400px-ab_pruningsvg1

The figure above is a simple representation of the minimax algorithm in a typical game using a tree. The tree is made up of different parts. We have rows labelled “MAX” and “MIN”, and this will help explain the process. In the row labelled “MAX”, the algorithm checks all nodes and finds out which node has the highest heuristic (i.e. number on the node), then returns it to the parent node. In the case of the “MIN” row, the algorithm does the same check but this time returns the least heuristic to the parent. For instance, the first row for MAX from the bottom has different values. Let’s take the children 7, 4 and 5. The least among these is 4 so in the next row, that is MIN, the algorithm returns 4 recursively and this is done till it gets to the root, taking into consideration the MAX row as well.

Basically, these were the main components for my project. Breaking it further, my project was divided into 3 milestones:

  1. Implement the minimax algorithm.
  2. Implement the wavefront algorithm.
  3. Combine the two algorithms mentioned above into one program.
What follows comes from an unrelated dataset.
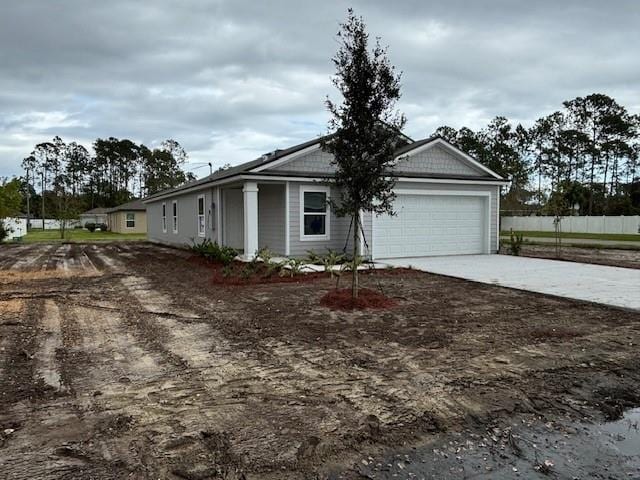 single story home featuring a garage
Each milestone had a duration and it lasted at least one week before the final day of presentation. So work had to commence immediately the project and its milestones were clear.

RESULTS:

The project was successful after the duration given us, however, milestone 3 couldn’t be accomplished, but I had two different programs, that is, milestone 1 and 2 ready. Milestone 3 couldn’t be done because I had to translate the minimax algorithm from the C language to ROBOTC, the language for the robot. Some of the syntax in the C language were not as the syntax in ROBOTC, and it really was a struggle, but it didn’t stop me from having my final presentation. So I deduced a way for my presentation, which was to run both programs together but on different platforms. It was successful, that is, the robot could play a game with a human but it was just slow. A typical game could take 4 to 5 minutes before it ended, whereas it could have been shorter if milestone 3 was completed.

CONCLUSION:

“There are no secrets to success. It is the result of preparation, hard work, and learning from failure from failure” – Colin Powell. Even though my project didn’t see full completion, it was hard work that brought to me even to the point of presenting a pretty good work. It has been an honour to be part of this journey.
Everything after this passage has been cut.